====== Given data ======
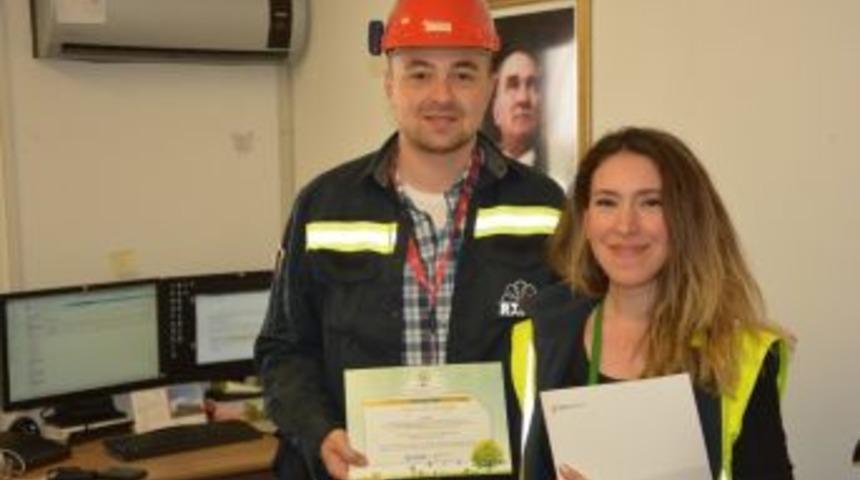 Kitap Kampanyasına Destek Olan G&ouml;n&uuml;ll&uuml;ler Ağa&ccedil; Dikti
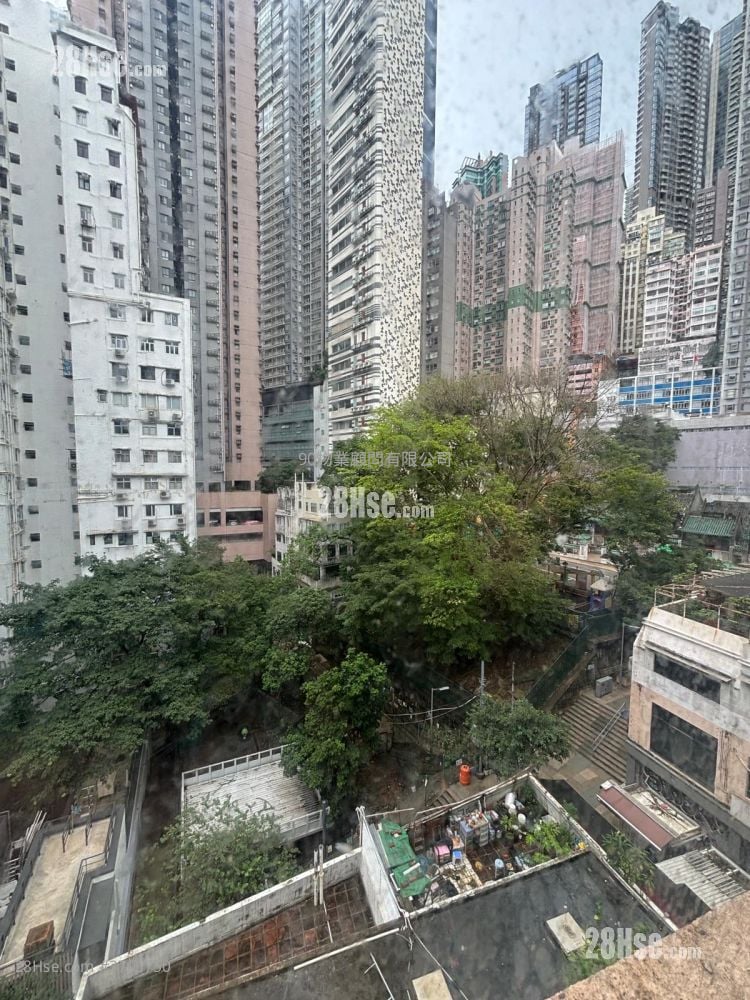 Evora Building Rental 280 ft²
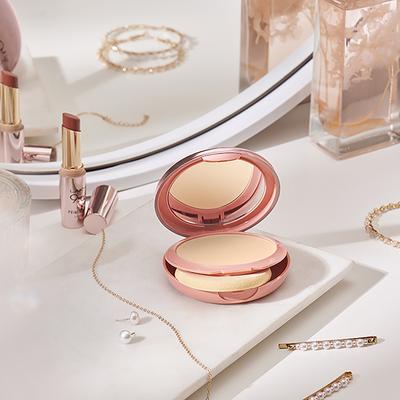 Lakme 9to5 Unreal Dual Cover Pressed Powder, 2 In 1 Compact + Foundation, 16 Sand, 9 gm - Compact Powder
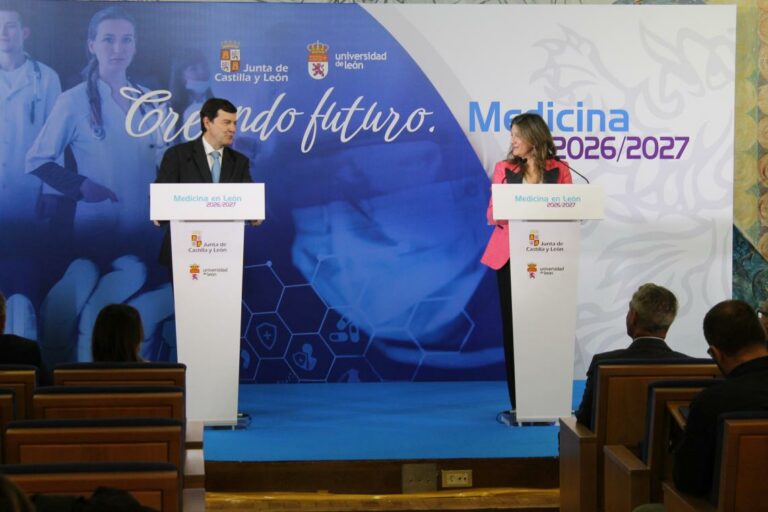 Universidad y Junta reafirman que León tendrá Medicina el curso 2026/27 y se comprometen para consolidar unos estudios “de calidad y excelencia”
======
Problem to work on |
Go from the first line of the listing to the line holding "Lakme 9to5 Unreal" and, please, transcribe those lines exactly, both included, with no pictures.

Solution for this exercise |
 Kitap Kampanyasına Destek Olan G&ouml;n&uuml;ll&uuml;ler Ağa&ccedil; Dikti
 Evora Building Rental 280 ft²
 Lakme 9to5 Unreal Dual Cover Pressed Powder, 2 In 1 Compact + Foundation, 16 Sand, 9 gm - Compact Powder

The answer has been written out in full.